Из этого процесса в конце концов выходят победителями один или несколько доминирующих способов использования. Но победа их пиррова. Она достигается ценой уничтожения чрезвычайно сложного и эффективного организма экономической и социальной взаимоподдержки.
С этого момента данный участок постепенно будут покидать люди, использующие его с иными целями, нежели те, кто победил в конкурентной борьбе, — потому что иным целям там больше нет места. Как визуально, так и функционально участок становится более однообразным. Все экономические минусы, связанные с неравномерным распределением людей по времени дня, скорее всего, не заставят себя долго ждать. Даже для доминирующего способа использования место постепенно делается все менее пригодным, как делался именно по этой причине все менее пригодным для административных офисов манхэттенский даунтаун. Со временем участок, в прошлом столь успешный и порождавший отчаянную конкуренцию, блекнет и превращается в нечто маргинальное.
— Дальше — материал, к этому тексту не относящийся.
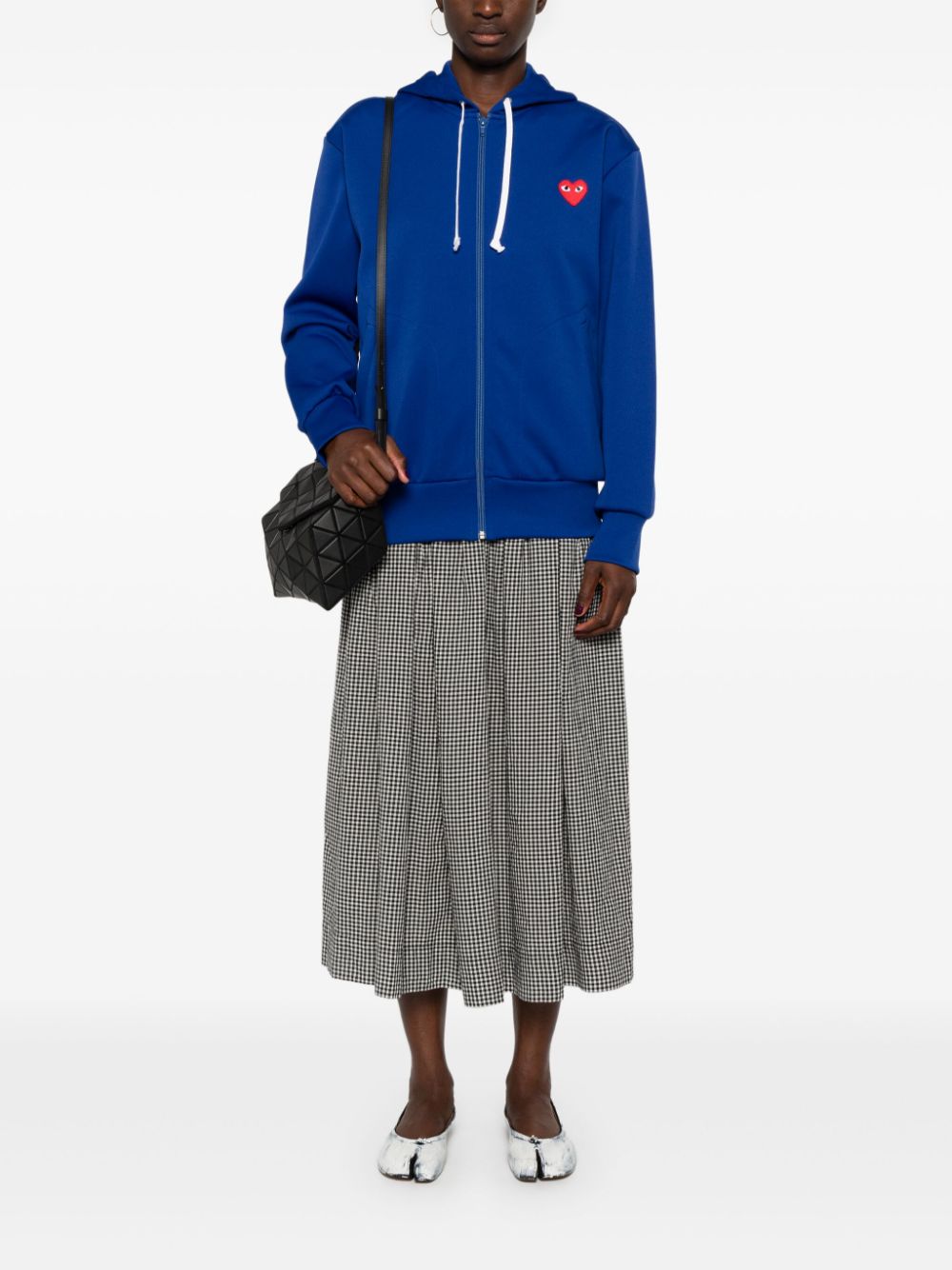 Comme Des Garçons Play heart-patch hoodie - Blue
В наших больших городах можно увидеть много улиц, где этот процесс уже завершён и царит кладбищенский покой. Есть улицы, где этот процесс идёт и доступен наблюдению. Одна из них — Восьмая улица, поблизости от которой я живу, главная торговая улица Гринвич-Виллиджа. Тридцать пять лет назад это была самая заурядная улица. Потом Чарльз Абрамс, один из главных её домовладельцев и, кроме того, человек чрезвычайно образованный, знаток градостроительства и городского хозяйства, построил на этой улице небольшой ночной клуб и необычный для того времени кинотеатр (узкий зал, позволявший хорошо видеть экран, буфет, где можно было выпить кофе, домашняя обстановка — все это впоследствии широко тиражировалось). Заведения Абрамса приобрели популярность. В дополнение к дневным прохожим они стали привлекать на Восьмую улицу людей в вечерние часы и в уикенды, что стимулировало рост числа магазинов, которые, в свой черёд, начали служить магнитом для ещё большего количества горожан как днём так и вечером. Как я уже писала, подобная «двухсменная» улица — экономически подходящее место для ресторанов. История Восьмой улицы это подтвердила. Она стала вызывать интерес количеством и разнообразием ресторанов.
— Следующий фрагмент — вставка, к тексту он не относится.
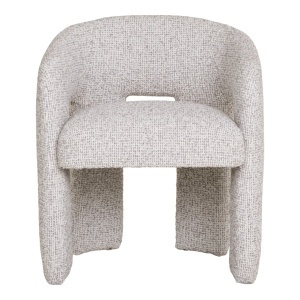 Scaun dining Monroe, Natural, 65x58x74 cm - Img 4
Оказалось, что из всех предприятий Восьмой улицы рестораны приносят наибольший доход на единицу занимаемой площади. Разумеется, это привело к тому, что Восьмая стала все больше специализироваться на ресторанах. Между тем на углу Пятой авеню разнообразие клубов, галерей и маленьких офисов было вытеснено невыразительным, монолитным жилым зданием с очень дорогими квартирами, сдаваемыми внаём. Единственный необычный момент в этой истории — сам Абрамс. В отличие от большинства владельцев недвижимости, которые либо вовсе не задумывались о последствиях происходящего, либо не видели причин беспокоиться перед лицом успеха, Абрамс с тревогой наблюдал за вытеснением с улицы книжных, картинных галерей, клубов, мастерских и единственных в своём роде магазинов. Он наблюдал, как на других улицах, в отличие от Восьмой, реализуются новые идеи. Он видел, что этот процесс способствует оживлению и диверсификации других улиц, и видел при этом, что Восьмая медленно, но верно теряет разнообразие. Он понял, что если происходящее дойдёт до логического конца, Восьмая улица рано или поздно утратит популярность и окажется на мели. Поэтому для большей части своей недвижимости, расположенной на стратегическом участке улицы, Абраме сознательно выискивал таких съёмщиков, которые добавили бы к уличной смеси нечто иное, нежели рестораны. Но поиски не всегда были лёгкими, ведь заведения не должны были сильно уступать ресторанам в прибыльности. Это сузило коридор возможностей — даже в чисто коммерческом плане. Короче говоря, силы, выпущенные на свободу необычайным успехом, стали для Восьмой улицы самой большой потенциальной угрозой разнообразию и в долгосрочной перспективе успеху как таковому.